Hello! I’ve a question about saving marker data in the header of a BWF file that is 3GB. I’m working with “genaric” markers to show where different audio programs begin and end. I am able to “save” the file but when I open the file in Wavelab again, that data is not retained. I understand RF64 formatted files can do this? However, the client will not accept RF64’s.
Has anybody else experienced this and had any success saving markers?
You are not able to save such a big file in WaveLab if the RF64 option is not set (at least, this is how it is meant to work).
And if you do, then the markers are loaded back if either of these options is set.
I was able to render this 3GB file as a standard BWF when I unchecked the “Support RF64 File Format” option. My understanding is that standard BWF should be able to function up to 4GB(?). And, yeah, I had those both checked when I saved the file and that didn’t work. D’oh! So it sounds like Wavelab isn’t equipped to work with standard BWF files larger than 2GB, since it prefers to work with RF64 files when they’re that large?

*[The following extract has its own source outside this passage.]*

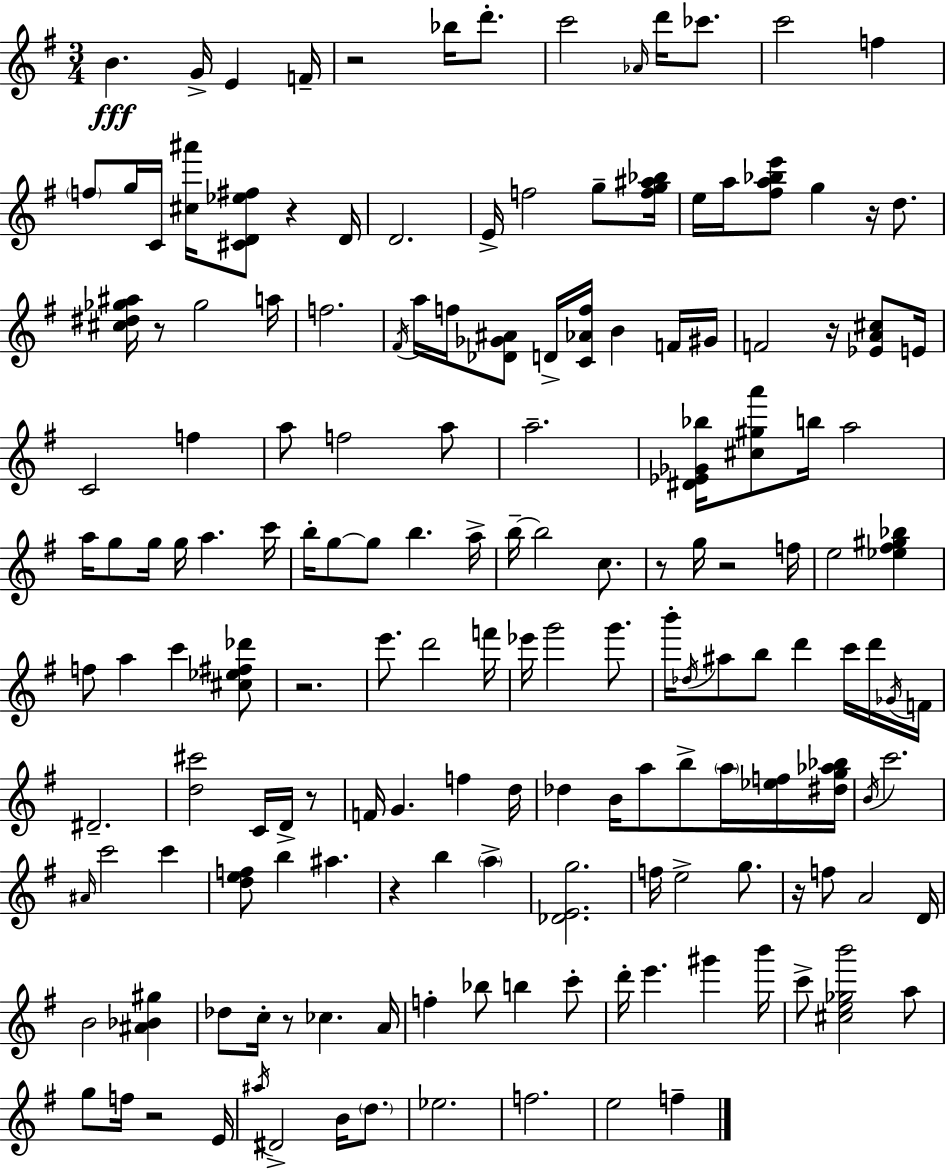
B4/q. G4/s E4/q F4/s R/h Bb5/s D6/e. C6/h Ab4/s D6/s CES6/e. C6/h F5/q F5/e G5/s C4/s [C#5,A#6]/s [C#4,D4,Eb5,F#5]/e R/q D4/s D4/h. E4/s F5/h G5/e [F5,G5,A#5,Bb5]/s E5/s A5/s [F#5,A5,Bb5,E6]/e G5/q R/s D5/e. [C#5,D#5,Gb5,A#5]/s R/e Gb5/h A5/s F5/h. F#4/s A5/s F5/s [Db4,Gb4,A#4]/e D4/s [C4,Ab4,F5]/s B4/q F4/s G#4/s F4/h R/s [Eb4,A4,C#5]/e E4/s C4/h F5/q A5/e F5/h A5/e A5/h. [D#4,Eb4,Gb4,Bb5]/s [C#5,G#5,A6]/e B5/s A5/h A5/s G5/e G5/s G5/s A5/q. C6/s B5/s G5/e G5/e B5/q. A5/s B5/s B5/h C5/e. R/e G5/s R/h F5/s E5/h [Eb5,F#5,G#5,Bb5]/q F5/e A5/q C6/q [C#5,Eb5,F#5,Db6]/e R/h. E6/e. D6/h F6/s Eb6/s G6/h G6/e. B6/s Db5/s A#5/e B5/e D6/q C6/s D6/s Gb4/s F4/s D#4/h. [D5,C#6]/h C4/s D4/s R/e F4/s G4/q. F5/q D5/s Db5/q B4/s A5/e B5/e A5/s [Eb5,F5]/s [D#5,G5,Ab5,Bb5]/s B4/s C6/h. A#4/s C6/h C6/q [D5,E5,F5]/e B5/q A#5/q. R/q B5/q A5/q [Db4,E4,G5]/h. F5/s E5/h G5/e. R/s F5/e A4/h D4/s B4/h [A#4,Bb4,G#5]/q Db5/e C5/s R/e CES5/q. A4/s F5/q Bb5/e B5/q C6/e D6/s E6/q. G#6/q B6/s C6/e [C#5,E5,Gb5,B6]/h A5/e G5/e F5/s R/h E4/s A#5/s D#4/h B4/s D5/e. Eb5/h. F5/h. E5/h F5/q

I reached out to a friend and he said that the file could have a signed 32 bit value, rather than unsigned. (I’m not a computer guy so this is a bit over my head but might offer some help to those who understand.)
(The client doesn’t accept RF64 files because they’re not the standard/best practice for archival use.)
I was able to figure out a workaround using a different program so I think I’m all set.
You can inform your client that, on the contrary, RF64 has been standardized by the European Broadcasting Union for several years (you can find more information here: RF64 - Wikipedia). It’s worth noting that it is the same organization that established the BWF standard. Therefore saying you want BWF on one hand and not RF64 is weird.
In fact, I would go so far as to say that, for archival purposes, it can be riskier to store 3 GB files without RF64 than with it. While I haven’t conducted a recent check, in the past, it was common to encounter audio applications that couldn’t open RIFF files larger than 2 GB. Therefore, for the sake of data integrity and safety, using RF64 is recommended.
Thanks for the thoughtful reply! I was wrong about the standard/best practice comment.
They’re structured differently, then? The Format section on the wikipedia mentions how an additional chunk is added and bytes are changed from RIFF to RF64. Could that affect how metadata is embedded/used if there are normal WAV’s and RF64’s are in the same collection?